OK.. I gotta call you here.. you said you shot 1800 rounds of shells in a day... during an 8 hour day, that would be 225 rounds per hour... at 10 hours, that would be 180 rounds.. that's three shells every minute... for 10 hours straight...

I've done a lotta clay shooting, and it's hard to go through more than 500 in a day, mostly because my shoulder was killing me... Matter a fact, I usually start switching shoulders after 3 or 4 hundred... Yep.. .I can shoot either handed...


----------



## Belfrybat (Feb 21, 2003)

Ah heck, with the title, I thought you were going to share pics of kitties.


----------



## brownegg (Jan 5, 2006)

I'll bet Al was sharing the ammo...and kudos for you at least getting out there Al...you know that it's use it or lose it, I'm betting.

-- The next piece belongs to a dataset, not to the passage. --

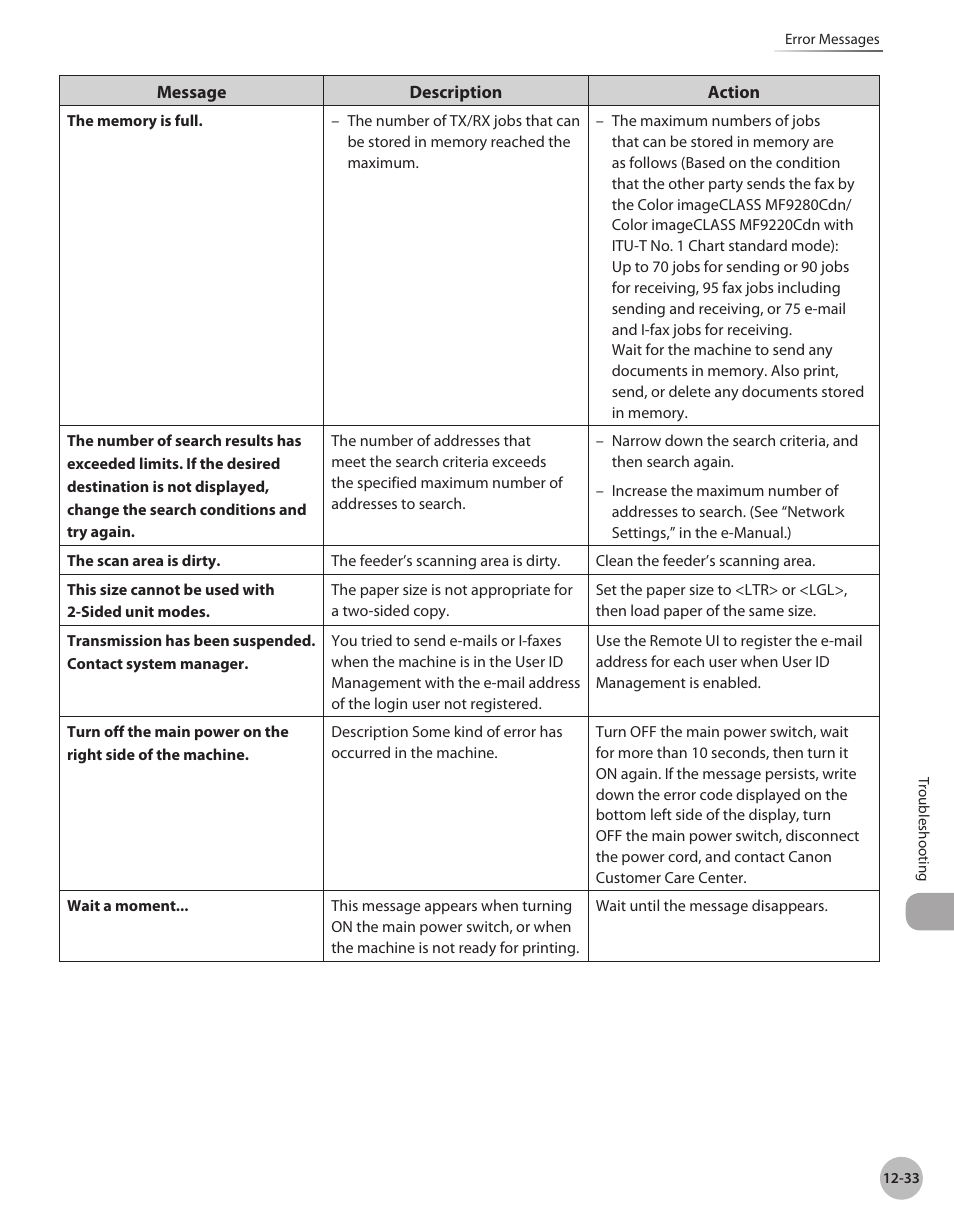 Canon Color imageCLASS MF9280Cdn User Manual | Page 488 / 548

Happy New Year to everyone...hope it's a great 2015 for all!


----------



## simi-steading (Sep 27, 2012)

Belfrybat said:


> Ah heck, with the title, I thought you were going to share pics of kitties.

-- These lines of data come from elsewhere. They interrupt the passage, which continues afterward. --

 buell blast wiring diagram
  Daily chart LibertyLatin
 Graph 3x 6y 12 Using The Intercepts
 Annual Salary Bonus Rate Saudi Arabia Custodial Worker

Well when he starting with shooting, clays, I was waiting to hear about the kitties on the throwers.... MEW...:facepalm:

Sure wish I could go though.. Sounds like a great way to start the new year.


----------



## GREENCOUNTYPETE (Jul 25, 2006)

archery tournament her tomorrow, new years day, to start off the new year , wife and son are going I have to work , I can't hardly remember a new years eve and day I haven't worked in 15 years 

I figure let the others go out and have fun I am not much for going out anyway ,I had 2# of shrimp for dinner , that about all I am looking for in a new years eve


----------



## alleyyooper (Apr 22, 2005)

At our club each round of clays is 50 shots if you don't do any do overs 5 stand is 25 shots with out do overs.
Depending on how busy it is a group can do two rounds at once to make it 100 shots an hour. I reload on my Mec 9000G and off the top of my head the 12 is only like 1100FPS to maybe 1200FPS at most. Plus we used to shoot every Sunday before I went to work all year long.
Any way is a lot of fun and after all the bowl game people leave easy to get time on the courses.

 Al


----------